I'm having a bit of trouble getting a comfortable fit with my babe in a ring sling. I have large breasts (which have gotten bigger now that they're full of milk) and the part of the sling that goes up to the rings is fitting funny around them.

Any tips or suggestions for working around large breasts with a ring sling? I've been doing a tummy-to-tummy hold with a newborn, if that helps any.


----------



## stellabluz (May 24, 2006)

Wanted to respond so that you dont get down on carriers in general...No tips really, otherthan making sure the rings start higher on your shoulders and then sit close to collarbone as you adjust.. BUT I find ring slings really hard to use with a newborn.

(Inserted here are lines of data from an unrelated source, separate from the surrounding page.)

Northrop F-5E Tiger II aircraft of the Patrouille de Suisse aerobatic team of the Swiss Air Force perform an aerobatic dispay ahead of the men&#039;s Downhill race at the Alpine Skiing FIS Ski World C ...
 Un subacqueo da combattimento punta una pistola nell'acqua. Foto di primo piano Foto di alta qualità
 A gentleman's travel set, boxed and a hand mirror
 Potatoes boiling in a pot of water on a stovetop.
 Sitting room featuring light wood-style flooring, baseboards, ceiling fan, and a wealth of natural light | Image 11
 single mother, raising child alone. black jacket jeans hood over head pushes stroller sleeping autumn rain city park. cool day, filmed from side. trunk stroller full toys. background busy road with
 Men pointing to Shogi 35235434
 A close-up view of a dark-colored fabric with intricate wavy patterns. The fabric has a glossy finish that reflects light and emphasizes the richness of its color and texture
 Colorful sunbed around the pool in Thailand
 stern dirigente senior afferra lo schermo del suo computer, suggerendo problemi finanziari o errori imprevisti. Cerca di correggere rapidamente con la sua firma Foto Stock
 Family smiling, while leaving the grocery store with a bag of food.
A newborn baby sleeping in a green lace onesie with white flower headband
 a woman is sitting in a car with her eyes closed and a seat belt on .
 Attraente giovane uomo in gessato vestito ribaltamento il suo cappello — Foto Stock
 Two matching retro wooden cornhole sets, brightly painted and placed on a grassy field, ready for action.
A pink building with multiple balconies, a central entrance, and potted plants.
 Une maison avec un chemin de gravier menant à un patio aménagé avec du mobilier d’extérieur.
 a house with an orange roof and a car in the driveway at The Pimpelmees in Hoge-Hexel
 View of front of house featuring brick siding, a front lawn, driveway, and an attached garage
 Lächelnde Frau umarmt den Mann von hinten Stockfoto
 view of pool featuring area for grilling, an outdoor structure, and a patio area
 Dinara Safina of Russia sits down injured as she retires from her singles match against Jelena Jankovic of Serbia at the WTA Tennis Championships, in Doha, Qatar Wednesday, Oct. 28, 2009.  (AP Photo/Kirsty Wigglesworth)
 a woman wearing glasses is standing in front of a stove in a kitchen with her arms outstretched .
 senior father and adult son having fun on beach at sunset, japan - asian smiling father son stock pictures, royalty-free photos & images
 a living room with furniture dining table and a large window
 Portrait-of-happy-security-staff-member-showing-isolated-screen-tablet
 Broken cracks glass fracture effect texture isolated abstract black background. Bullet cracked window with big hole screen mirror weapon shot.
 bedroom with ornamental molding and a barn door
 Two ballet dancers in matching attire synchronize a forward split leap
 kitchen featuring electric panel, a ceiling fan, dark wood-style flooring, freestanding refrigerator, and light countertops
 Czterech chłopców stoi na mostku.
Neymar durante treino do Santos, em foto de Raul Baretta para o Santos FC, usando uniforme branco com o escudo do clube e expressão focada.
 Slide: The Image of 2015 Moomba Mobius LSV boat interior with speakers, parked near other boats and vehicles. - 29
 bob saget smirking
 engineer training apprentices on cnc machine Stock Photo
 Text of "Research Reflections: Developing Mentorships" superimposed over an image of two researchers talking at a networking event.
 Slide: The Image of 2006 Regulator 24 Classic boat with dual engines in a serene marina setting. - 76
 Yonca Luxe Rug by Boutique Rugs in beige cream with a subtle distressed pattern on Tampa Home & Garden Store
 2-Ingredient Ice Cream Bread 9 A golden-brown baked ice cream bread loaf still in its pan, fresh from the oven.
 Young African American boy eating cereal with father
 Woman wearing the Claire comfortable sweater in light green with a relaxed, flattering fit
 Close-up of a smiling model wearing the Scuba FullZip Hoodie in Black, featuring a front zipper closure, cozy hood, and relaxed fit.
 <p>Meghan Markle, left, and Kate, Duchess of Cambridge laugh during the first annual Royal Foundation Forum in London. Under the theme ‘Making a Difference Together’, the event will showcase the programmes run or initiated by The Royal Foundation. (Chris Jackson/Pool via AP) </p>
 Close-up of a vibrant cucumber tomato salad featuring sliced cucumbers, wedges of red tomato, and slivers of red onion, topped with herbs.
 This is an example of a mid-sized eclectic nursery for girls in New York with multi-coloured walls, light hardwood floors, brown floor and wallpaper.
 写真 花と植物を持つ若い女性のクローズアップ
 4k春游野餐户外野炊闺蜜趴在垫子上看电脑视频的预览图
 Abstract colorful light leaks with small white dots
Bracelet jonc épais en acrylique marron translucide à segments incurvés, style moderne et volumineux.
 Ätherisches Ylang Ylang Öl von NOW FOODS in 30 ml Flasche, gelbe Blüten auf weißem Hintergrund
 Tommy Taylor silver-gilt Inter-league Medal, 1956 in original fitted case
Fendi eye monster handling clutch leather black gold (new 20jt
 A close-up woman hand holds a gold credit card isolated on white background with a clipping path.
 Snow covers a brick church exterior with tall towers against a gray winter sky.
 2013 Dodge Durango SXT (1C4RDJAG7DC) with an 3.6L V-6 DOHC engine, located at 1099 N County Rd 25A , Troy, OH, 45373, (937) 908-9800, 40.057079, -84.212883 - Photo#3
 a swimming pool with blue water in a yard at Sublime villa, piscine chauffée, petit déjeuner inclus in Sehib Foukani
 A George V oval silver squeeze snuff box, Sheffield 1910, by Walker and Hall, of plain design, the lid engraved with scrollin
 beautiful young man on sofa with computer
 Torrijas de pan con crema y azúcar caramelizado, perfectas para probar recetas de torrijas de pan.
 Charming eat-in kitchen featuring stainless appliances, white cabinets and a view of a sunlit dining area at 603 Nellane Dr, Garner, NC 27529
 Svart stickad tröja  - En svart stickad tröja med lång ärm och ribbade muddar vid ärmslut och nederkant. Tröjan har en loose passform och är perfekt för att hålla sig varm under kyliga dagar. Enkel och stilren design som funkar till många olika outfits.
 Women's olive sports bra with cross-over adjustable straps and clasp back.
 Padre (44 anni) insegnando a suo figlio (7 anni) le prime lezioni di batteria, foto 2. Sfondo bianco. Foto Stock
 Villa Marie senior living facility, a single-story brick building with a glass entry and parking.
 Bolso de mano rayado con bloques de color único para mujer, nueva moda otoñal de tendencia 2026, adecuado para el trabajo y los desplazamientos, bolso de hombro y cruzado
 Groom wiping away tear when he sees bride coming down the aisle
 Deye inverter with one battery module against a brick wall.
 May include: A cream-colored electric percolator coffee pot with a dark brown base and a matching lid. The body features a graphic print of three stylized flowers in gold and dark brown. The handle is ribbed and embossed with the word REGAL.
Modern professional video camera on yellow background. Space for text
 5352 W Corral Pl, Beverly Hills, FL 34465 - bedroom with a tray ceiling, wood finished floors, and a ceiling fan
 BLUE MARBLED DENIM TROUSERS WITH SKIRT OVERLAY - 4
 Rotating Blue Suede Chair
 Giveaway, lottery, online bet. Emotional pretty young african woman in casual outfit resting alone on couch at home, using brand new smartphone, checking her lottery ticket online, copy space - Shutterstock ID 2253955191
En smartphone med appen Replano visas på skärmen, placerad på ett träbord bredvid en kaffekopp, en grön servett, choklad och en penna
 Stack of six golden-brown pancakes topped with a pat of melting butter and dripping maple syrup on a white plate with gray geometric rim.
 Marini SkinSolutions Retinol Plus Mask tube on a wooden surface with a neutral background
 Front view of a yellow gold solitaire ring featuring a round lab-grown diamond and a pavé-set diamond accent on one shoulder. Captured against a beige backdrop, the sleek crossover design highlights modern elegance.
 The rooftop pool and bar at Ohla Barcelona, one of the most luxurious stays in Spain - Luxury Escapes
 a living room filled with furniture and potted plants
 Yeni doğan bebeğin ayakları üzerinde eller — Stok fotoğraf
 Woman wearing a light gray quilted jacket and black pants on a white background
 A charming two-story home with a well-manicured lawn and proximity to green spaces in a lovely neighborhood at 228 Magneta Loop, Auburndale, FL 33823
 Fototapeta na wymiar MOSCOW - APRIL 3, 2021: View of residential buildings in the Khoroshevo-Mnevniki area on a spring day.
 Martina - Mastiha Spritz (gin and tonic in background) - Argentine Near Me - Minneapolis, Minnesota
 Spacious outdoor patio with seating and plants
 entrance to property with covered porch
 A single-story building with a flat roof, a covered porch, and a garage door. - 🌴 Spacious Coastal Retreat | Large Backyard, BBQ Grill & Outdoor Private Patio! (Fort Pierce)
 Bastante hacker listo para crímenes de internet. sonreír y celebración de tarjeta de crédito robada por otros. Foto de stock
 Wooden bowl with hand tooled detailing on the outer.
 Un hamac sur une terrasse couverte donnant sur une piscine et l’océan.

I love them for later on (6m+), but a wrapping carrier with a newborn feels so much more comfortable, safe and do-able. Hopefully you could try one of those if you are looking for some hands free time. Maybe try a used moby,sleepy baby wrap on ebay?


----------



## bignerpie (Apr 16, 2009)

I have the same problem. I'm really short with large breasts and my babies are big (8.5+ pounds at birth), so it's hard to get a good fit.

With the ring sling, I have to carry pretty high, so the baby's head is pretty much under my neck. I love the Moby for the first few weeks.


----------



## insidevoice (Feb 16, 2011)

Hm, I also have large breasts, but I loved a ring sling with a newborn. I generally have the rings over my left shoulder, and baby's head off to the same side. I wrap the tail to make sure the rings are soft, but their head is down lower than the ring anyway. It takes a little practice, but I actually found that the breasts made a decent support...


----------



## motherhendoula (Feb 13, 2009)

I have large breasts and never had an issue with ring slings.... this may be weird but do you have some sort of super fantastic supportive nursing bra? I have found such crap for nursing bras (but im picky, i want seamless, no underwire...) anyhoo - my breasts are literally far enough down that tehy dont interfere with the rings in the slightest. Sometimes i feel a little 'smooshed' if im wearing it for too long - but i am carrying a 30 lb 1 yr old now!


----------



## kylaskye (Jan 18, 2011)

Haven't checked this forum in a bit, but thank you ladies for responding. (I checked those first few days then gave up on the thread.)

I eventually figured out my ring sling issues, and I'm wearing him fine now. Especially since he has more head control and I don't have to worry about that nearly as much.

Motherhendoula, I'm wearing http://www.amazon.com/Womama-Bamboo-Evolve-4-Cup-Nursing/dp/B004E85BS0 for the most part. I love it, but I think the cup or band runs small, so I'd go up a band size from what you normally would wear. Mine's a tad on the small size, but I'm hoping my breasts will go down so I don't have to buy another one. It doesn't have an underwire but there are seams, though they don't bother me. I'm not sure how sensitive to those you are.


----------